Half of the Klitschko Brothers duo that includes younger brother and fellow world champion Wladimir, the 40-year-old Vitaliy has been quoted by the BBC as saying that "holding a political office and being heavyweight champion at the same time are not compatible."
He adds that he will "decide on the future of my sporting career" after Ukraine's parliamentary elections, slated for October 28.
Ukraine's highly personal brand of politics -- prone to the kind of acrimony that compromised the legacy of the Orange Revolution and sparks brawls in the aisles of parliament -- can look a lot like more like the proverbial knife fight than a boxing match.
Witness the hail of eggs, smokebombs, and fists over the fate of Russia's Black Sea Fleet in April 2010:
Then more recently there was the fistfight between lawmakers in May 2012 over a language bill:
I'm sure I'm missing other melees.
But the rough-and-tumble of Ukrainian politics is nothing new to Klitschko, dubbed "Dr. Ironfist" by boxing aficionados thanks to his doctorate. In 2006, he won a seat on the Kyiv city council and took over the leadership of a local political alliance that eventually morphed into his Ukrainian Democratic Alliance for Reform (known by the acronym UDAR, which is Ukrainian for "punch"). Two years later, he attracted nearly one in five votes in a mayoral election that he lost to on-again, off-again incumbent Leonid Chernovetskyy.
Pundits suggest UDAR is likely to clear the threshold for parliament and, in fact, could fare well in the voting in nearly four months' time -- even beyond the capital. A late-May poll by the Kyiv International Institute of Sociology indicated strong support for Klitschko's party, placing it third behind the Party of Regions and All-Ukrainian Union–Fatherland.
"The Day," an online Ukrainian website, has quoted Ukrainian sociologist Yevhen Holovakha as saying that Klitschko and UDAR stand to gain considerably from voter frustration. He even goes so far as to say that "Klitschko will make or break the next parliament," adding, "It imposes responsibility on him and his team."
Klitschko's admirers in the West clearly extend beyond ringside, too. His appearance in November in the halls of power in Brussels sent European Union officials scurrying for their cameras and autograph books.

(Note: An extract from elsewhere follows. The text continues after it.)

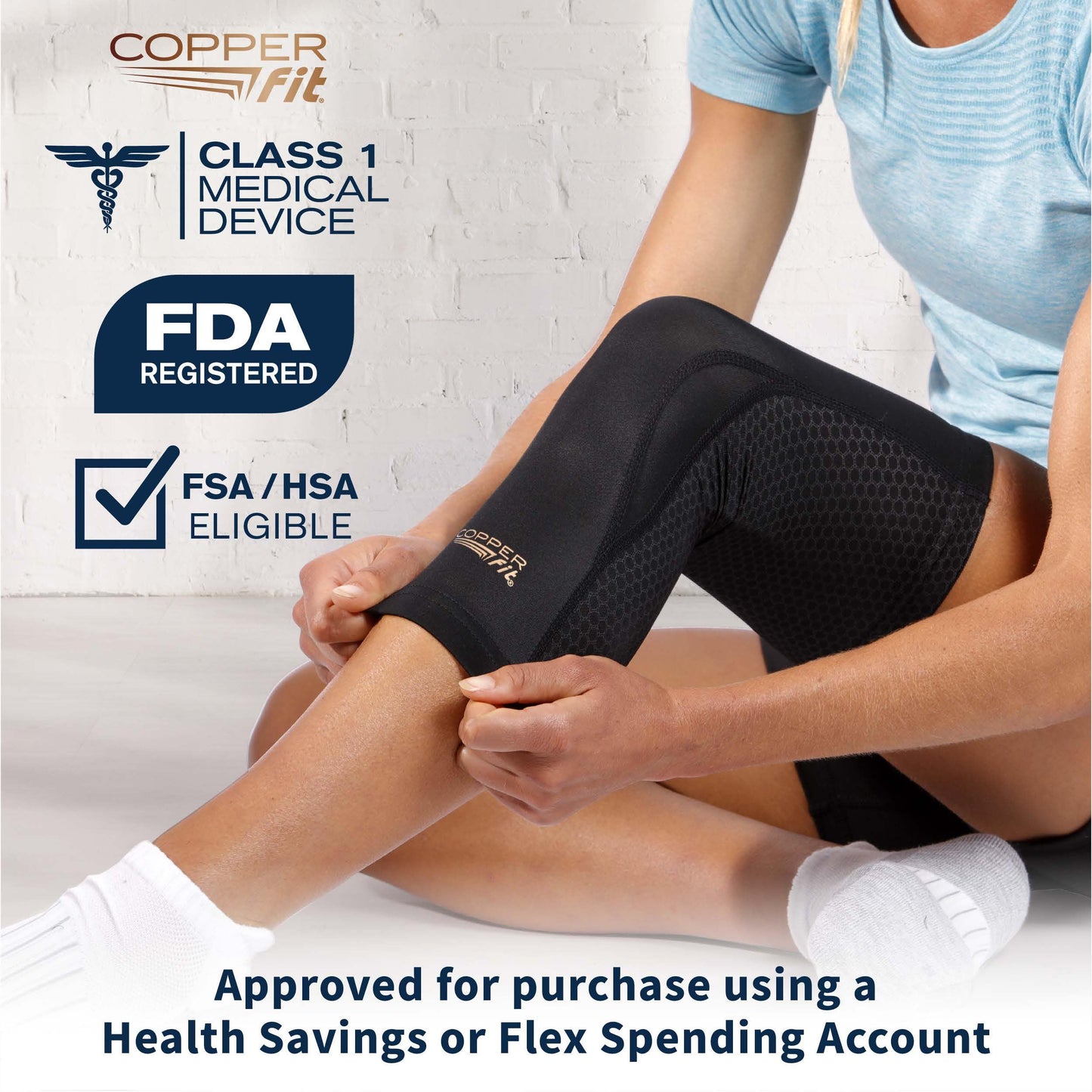 Copper Fit PRO Recovery Knee Compression Sleeve - Breathable, Second Skin Feel - Arthritis, Joint Pain, Circulation - For Men and Women (Medium)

The champ even demonstrated a deft diplomatic touch in blowing off Enlargement Commissioner Stefan Fuele's request for a mock photo with both men on their guard, saying he "doesn't fight friends."

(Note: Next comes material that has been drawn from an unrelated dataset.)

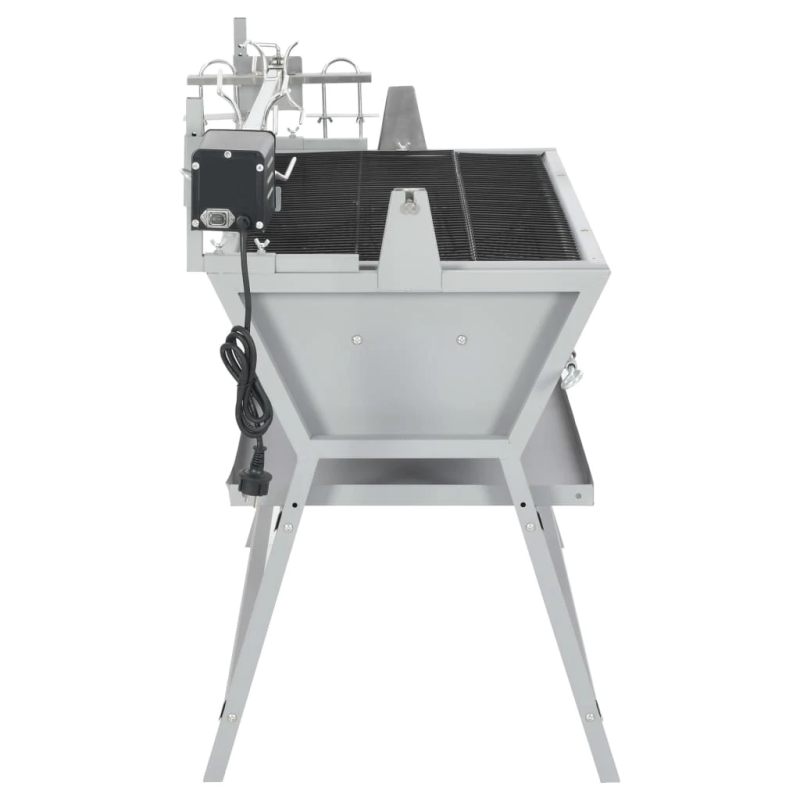 BBQ dzelzs, nerūsējoša tērauda grils ar rotējošu iesmu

Klitschko's potential farewell fight is scheduled for September 8 in Moscow, incidentally, where pro-Western critics of President Viktor Yanukovych complain that too much influence over Ukrainian politics already lies.
Don't be surprised to see many in the West in Klitschko's corner less than two months later, when he goes toe-to-toe with the rest of the Ukrainian political establishment.